Stewart: These days, I’d say maybe 70/30: 70 where every note is given to us, and then maybe 30 where there’s either a lot of improvisation or elements of improvisation. But I’d say about 70 percent of the time where it’s like Beethoven; it’s pretty clear what the composer wants us to do and we do it, of course, putting our spin on whatever it is. And then about 30 percent of the pieces we play these days have some element of improvisation.
NUVO: And has that changed over the past 20 years?

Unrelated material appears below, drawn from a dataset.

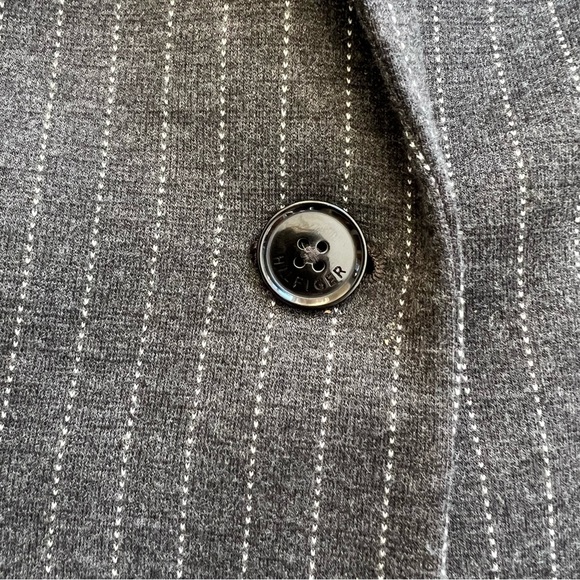 Tommy Hilfiger women’s pinstriped blazer - Picture 9 of 11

Stewart: Yeah. I think when we started out it was almost completely notated. Gradually, as we’ve been together and grown together as a band, we’ve had composers come in who say, We want you to improvise, and we looked at each other and said, There’s no reason we can’t do that. There’s some pieces when we’re improvising in a vernacular that’s pretty clear. When we do Ornette Coleman’s pieces, clearly there are things that come out of the modern jazz vernacular. When we do Tan Dun — that’s kind of an interesting thing, because I wouldn’t say that we try to function in a kind of Chinese improvisatory vernacular, but somehow those sounds tend to get in there, just because of the nature of the piece. I guess the piece itself really shapes the vernacular: sometimes it’s a very personal vernacular, and sometimes you can say, oh, there’s a little bit of a funk or a jazz thing creeping in. I think we try and see where we are, where the landscape is, and try and be true to that as much as possible. But these days, there’s so many different kinds of improvisation, as there always have been, so improvising doesn’t always mean jazz or doesn’t always mean blues; there’s all sorts of musique concrete and noise and textural things. There’s lots of different ways to approach improvisation these days and we try to avail ourselves of as many as possible, depending on the task at hand.

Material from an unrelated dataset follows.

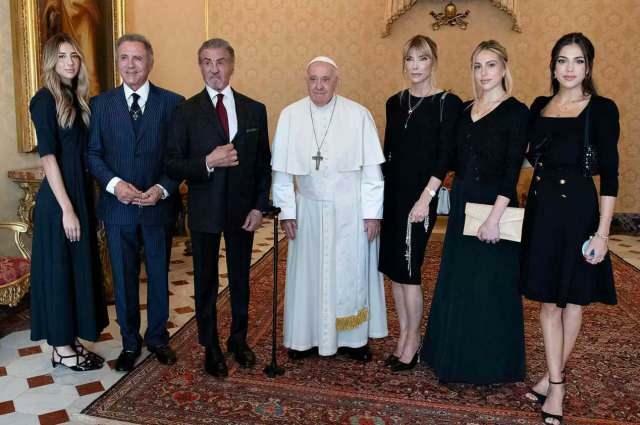 Sylvester Stallone en paus Franciscus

NUVO: To change direction a little bit, I’m wondering what kind of new instruments you’re working on and if you could talk about that side of your work?
Stewart: I’m always picking up some piece of junk out of a dumpster and seeing what it’s going to be, what it wants to be. Sometimes it feels like I’m rescuing an instrument from it’s fate as a piece of junk or as a piece of a house, or scaffolding or something. Recently, gosh, I’ve just been touring so much that I really haven’t been able to spend much time in my lab with Igor, coming up with the next Promethean answer. But I guess I’m bringing a bunch of things out in the Midwest — I know I’m doing something in Krannert. I’m bringing out a bunch of instruments that I variously describe as plumbing instruments, different instruments that are made from materials that are more commonly associated with plumbing, whether it’s copper, PVC, or ABS materials, even cardboard. I have a collection of very simple instruments that make really satisfying noises, and for the most part, they’re easily made by just about anybody. My personal ethos is that I feel the word musician is too often used to discourage people from participating in their birthright as soundmakers. So the instruments that I make and that I play tend to be instruments that encourage people to participate in their birthmark as soundmakers; I’ve got a little bit of Johnny Appleseed thing going on with sound. For me, it’s really like John Cage meets Pete Seeger: the world is a symphony — that’s the John Cage part — and the Pete Seeger part is, you wanna join in? What I’ve found is that when you make an instrument that’s easy to make, that’s easy to play, that has a really attractive sound one way or the other — not necessarily beautiful, sometimes they’re hysterical, but it’s attractive in its hysteria — but if you make one that entices people to play, and also doesn’t inherit any system of order or demand to be played in any particular vernacular, people take right to it, people just jump right in and start finger painting with sound.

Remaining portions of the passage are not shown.